»»
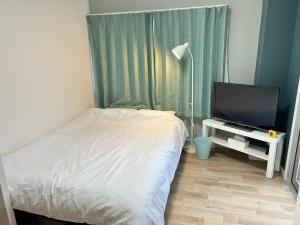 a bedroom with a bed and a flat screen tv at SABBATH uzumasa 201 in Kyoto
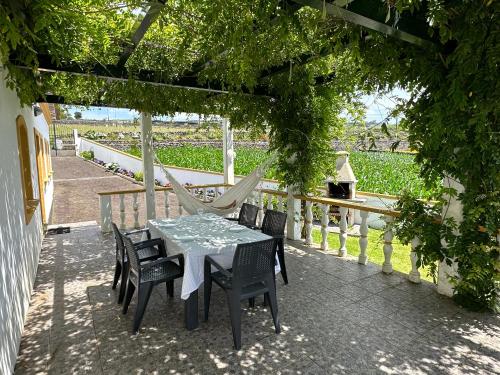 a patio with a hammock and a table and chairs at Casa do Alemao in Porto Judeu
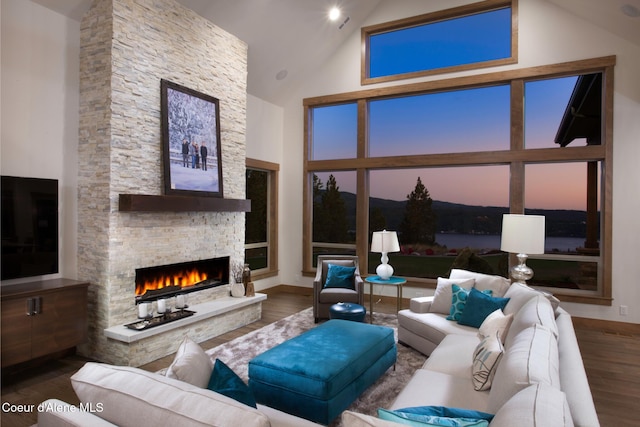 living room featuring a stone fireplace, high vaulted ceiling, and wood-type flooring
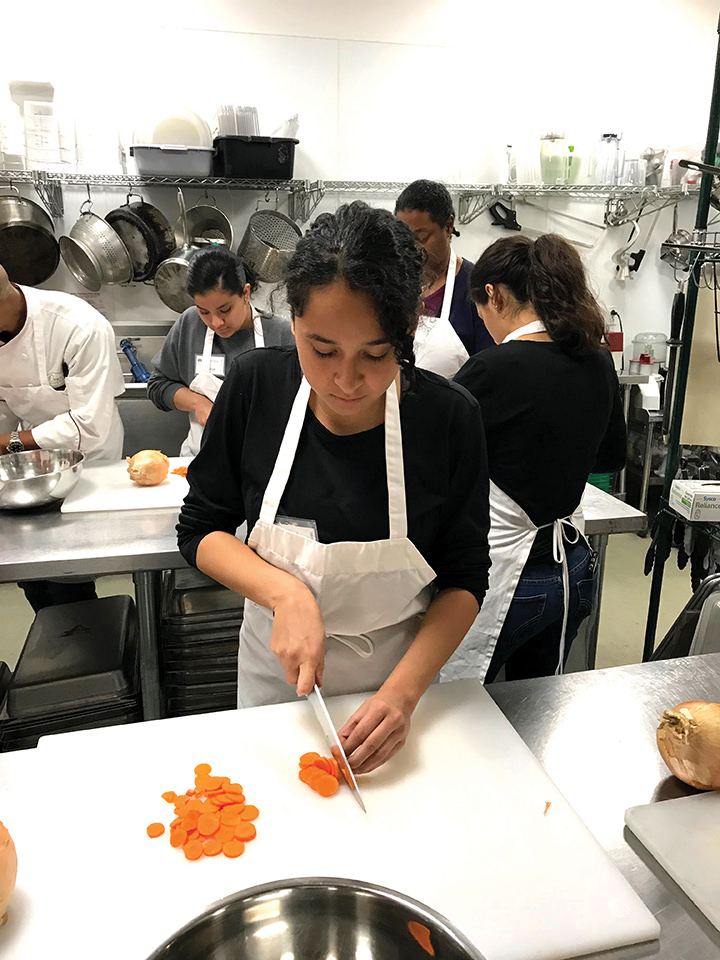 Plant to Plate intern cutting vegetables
««
»»
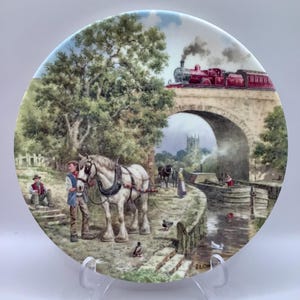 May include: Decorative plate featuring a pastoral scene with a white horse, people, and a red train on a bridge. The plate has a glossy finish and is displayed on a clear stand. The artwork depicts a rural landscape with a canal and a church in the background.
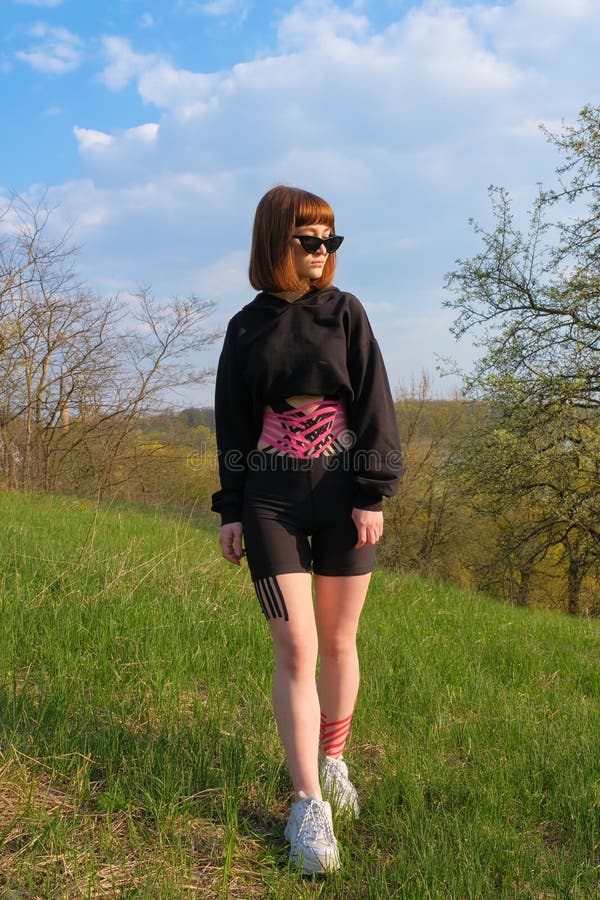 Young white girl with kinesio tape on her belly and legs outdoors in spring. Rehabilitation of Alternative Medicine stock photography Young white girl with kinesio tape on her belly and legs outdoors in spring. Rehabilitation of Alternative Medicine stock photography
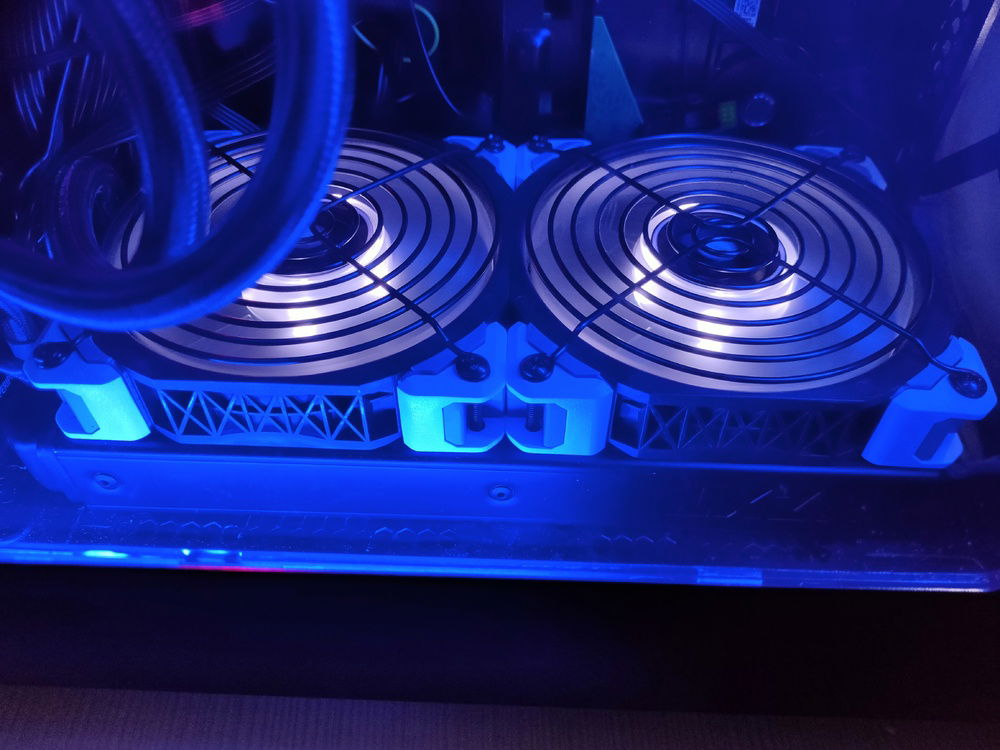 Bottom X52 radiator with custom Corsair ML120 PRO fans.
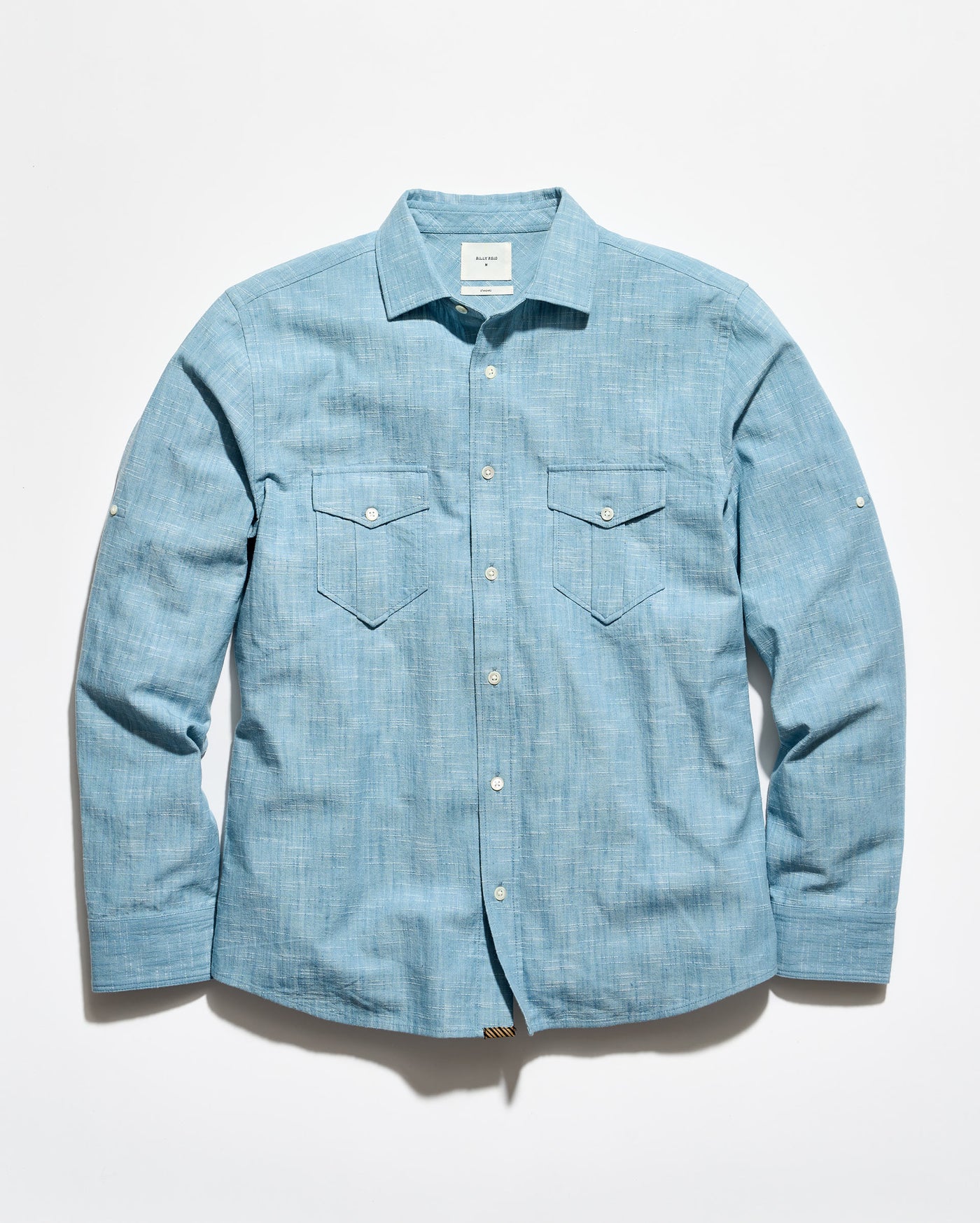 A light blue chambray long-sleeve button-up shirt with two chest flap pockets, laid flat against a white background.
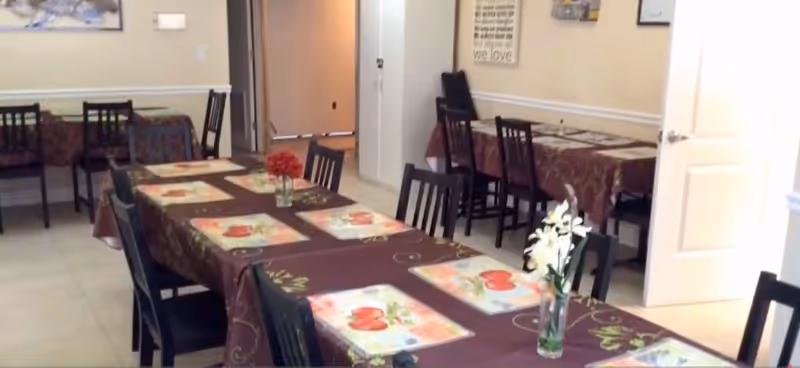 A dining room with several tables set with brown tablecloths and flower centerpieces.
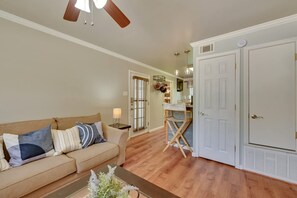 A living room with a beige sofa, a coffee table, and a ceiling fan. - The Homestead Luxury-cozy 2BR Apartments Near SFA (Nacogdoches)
««
»»
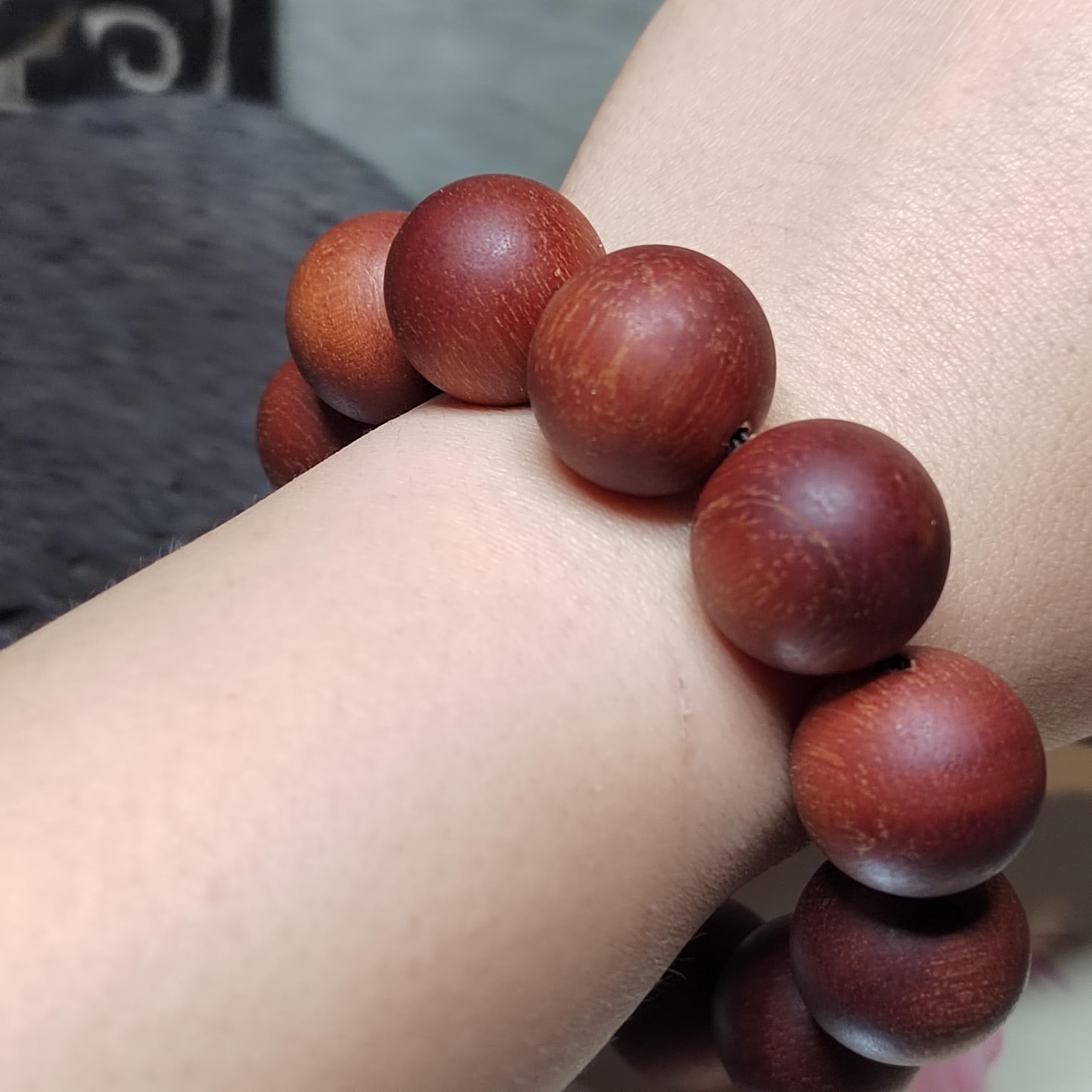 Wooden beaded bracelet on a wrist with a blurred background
««
**Task brief:** Leave out every picture, and copy exactly the lines above starting at the one holding "a bedroom with" and ending at the one holding "living room featuring", no more and no less.

**Problem solution:**
 a bedroom with a bed and a flat screen tv at SABBATH uzumasa 201 in Kyoto
 a patio with a hammock and a table and chairs at Casa do Alemao in Porto Judeu
 living room featuring a stone fireplace, high vaulted ceiling, and wood-type flooring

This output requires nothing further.